A lot of the praise for Andor centers on its sensitive treatment of the very concept of rebellion (I particularly recommend Abigail Nussbaum’s review). Where shows that broach this theme sometimes speak of rebellion as a good in its own right, Gilroy uses Andor as a vehicle to explore how oppressive systems drive one to rebel, and weaves that central premise deeply into the fabric of the show. Cassian is obviously exhibit A for this process, but it also manifests in Mon Mothma’s arc when she gradually realizes that her diligent opposition in the Senate is futile and Keno Loy’s (Andy Serkis) epiphany that the prison industrial complex is rigged, as well as in a host of smaller characters and moments that reveal the myriad of ways that can lead people at all levels of society into rebellion.
But Andor is also a show about how an empire sets in. Princess Leia (Carrie Fisher) memorably declares to Peter Cushing’s Grand Moff Tarkin in Star Wars (1977), “The more you tighten your grip, Tarkin, the more star systems will slip through your fingers,” but the Empire by this point is fully-developed. They have a space station capable of destroying planets. The Empire clearly has a war machine in Andor, but it is hardly unassailable and if the Death Star is under construction, as there is some suggestion that the parts the prisoners are assembly parts for, we don’t know about it. Rather, the cruel machinery of Empire churns in more mundane ways: the board rooms of the security services, the imperial courtroom of the imperial magistrates, the prisons that despoil the environment, and the decisions to deter indigenous communities from their sacred spaces to clear the way for a new installation. More people interface with these systems than would have seen the Death Star. And, critically, they are created and perpetuated by people. Not faceless systems or the embodiment of evil, people.

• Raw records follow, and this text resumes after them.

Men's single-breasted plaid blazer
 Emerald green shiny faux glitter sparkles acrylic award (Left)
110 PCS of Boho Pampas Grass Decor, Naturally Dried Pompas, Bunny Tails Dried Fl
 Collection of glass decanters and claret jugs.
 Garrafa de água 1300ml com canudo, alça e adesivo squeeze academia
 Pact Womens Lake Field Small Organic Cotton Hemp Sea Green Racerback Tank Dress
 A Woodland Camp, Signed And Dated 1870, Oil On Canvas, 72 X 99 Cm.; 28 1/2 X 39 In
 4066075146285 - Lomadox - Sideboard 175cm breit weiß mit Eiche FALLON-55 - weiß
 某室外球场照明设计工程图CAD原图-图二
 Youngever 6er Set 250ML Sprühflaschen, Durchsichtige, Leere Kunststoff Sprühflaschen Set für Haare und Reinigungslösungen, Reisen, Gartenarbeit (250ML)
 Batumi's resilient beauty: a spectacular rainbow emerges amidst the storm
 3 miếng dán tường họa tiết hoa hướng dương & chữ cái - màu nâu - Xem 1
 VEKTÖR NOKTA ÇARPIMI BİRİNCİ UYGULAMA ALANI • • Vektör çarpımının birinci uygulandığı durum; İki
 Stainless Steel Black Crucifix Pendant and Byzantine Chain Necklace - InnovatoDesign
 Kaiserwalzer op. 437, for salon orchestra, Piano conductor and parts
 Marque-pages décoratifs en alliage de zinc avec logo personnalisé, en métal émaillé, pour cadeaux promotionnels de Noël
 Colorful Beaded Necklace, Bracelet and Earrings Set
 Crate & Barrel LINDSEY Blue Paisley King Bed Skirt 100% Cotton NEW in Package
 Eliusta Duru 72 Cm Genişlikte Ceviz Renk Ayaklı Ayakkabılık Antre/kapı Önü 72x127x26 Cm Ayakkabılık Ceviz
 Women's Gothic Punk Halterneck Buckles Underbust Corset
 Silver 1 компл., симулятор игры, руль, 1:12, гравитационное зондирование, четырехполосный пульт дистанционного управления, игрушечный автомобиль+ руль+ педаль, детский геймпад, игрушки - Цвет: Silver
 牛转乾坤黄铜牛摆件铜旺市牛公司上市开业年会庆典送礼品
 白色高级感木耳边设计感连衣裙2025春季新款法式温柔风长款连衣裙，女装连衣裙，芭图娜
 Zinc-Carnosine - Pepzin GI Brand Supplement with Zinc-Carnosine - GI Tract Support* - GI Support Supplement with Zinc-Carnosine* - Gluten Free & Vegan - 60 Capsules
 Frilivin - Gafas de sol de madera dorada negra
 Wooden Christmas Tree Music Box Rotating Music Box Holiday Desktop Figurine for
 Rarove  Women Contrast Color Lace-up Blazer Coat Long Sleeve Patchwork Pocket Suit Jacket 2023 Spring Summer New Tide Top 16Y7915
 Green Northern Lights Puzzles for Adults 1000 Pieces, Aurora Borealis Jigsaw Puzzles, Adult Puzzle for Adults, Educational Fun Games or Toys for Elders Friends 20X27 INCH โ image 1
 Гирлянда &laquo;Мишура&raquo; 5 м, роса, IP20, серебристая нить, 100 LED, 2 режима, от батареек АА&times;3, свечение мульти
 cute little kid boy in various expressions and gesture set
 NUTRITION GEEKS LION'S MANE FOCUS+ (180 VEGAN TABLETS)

And these systems are hard to resist, especially when you can’t see the whole picture. Resistance is a lonely, dangerous path that requires sacrifice, as captured in an exchange between Luthen and Lonni Jung (Robert Emms).
Lonni: “My sacrifice, it means nothing to you. Does it?
Luthen: “I said I think of you constantly, and I do. Your investment in the Rebellion is epic. A double life? Every day a performance? The stress of that? We need heroes, Lonni, and here you are.”Lonni: “And what do you sacrifice?”
For all of this, I was particularly struck by how little this show relies on the existing mechanics of Star Wars canon.
Back in June I lamented that the attempts to “fill in the gaps” of the Star Wars mythology were strangling the franchise. Even a film like Rogue One, which I generally liked, tried to tell a fresh story while still bringing in Tarkin, Leia, and Vader–a choice that I thought undermined a lot of what it did well. By contrast, Andor brings in Cassian and Saw (Forest Whittaker) who had been introduced in Rogue One and builds out the character of Mon Mothma, who was briefly introduced in Return of the Jedi (1983, played by Caroline Blakiston). The emperor is mentioned a few times and once, that I caught, as Palpatine, Coruscant, the capital is a frequent setting, and the visual language is unmistakably Star Wars, but there the connections end. There is no Tatooine and no mention of the force. The doings of the Jedi and the Sith might as well be mythology, for all that they affect these people’s lives. Instead, Gilroy breathes life into a series of specific settings and characters, whether for the full twelve episodes or just a few minutes, which makes this both more harrowing and more memorable than anything Star Wars since the original trilogy.
In other words, this is exactly what I had hoped for from a Star Wars show.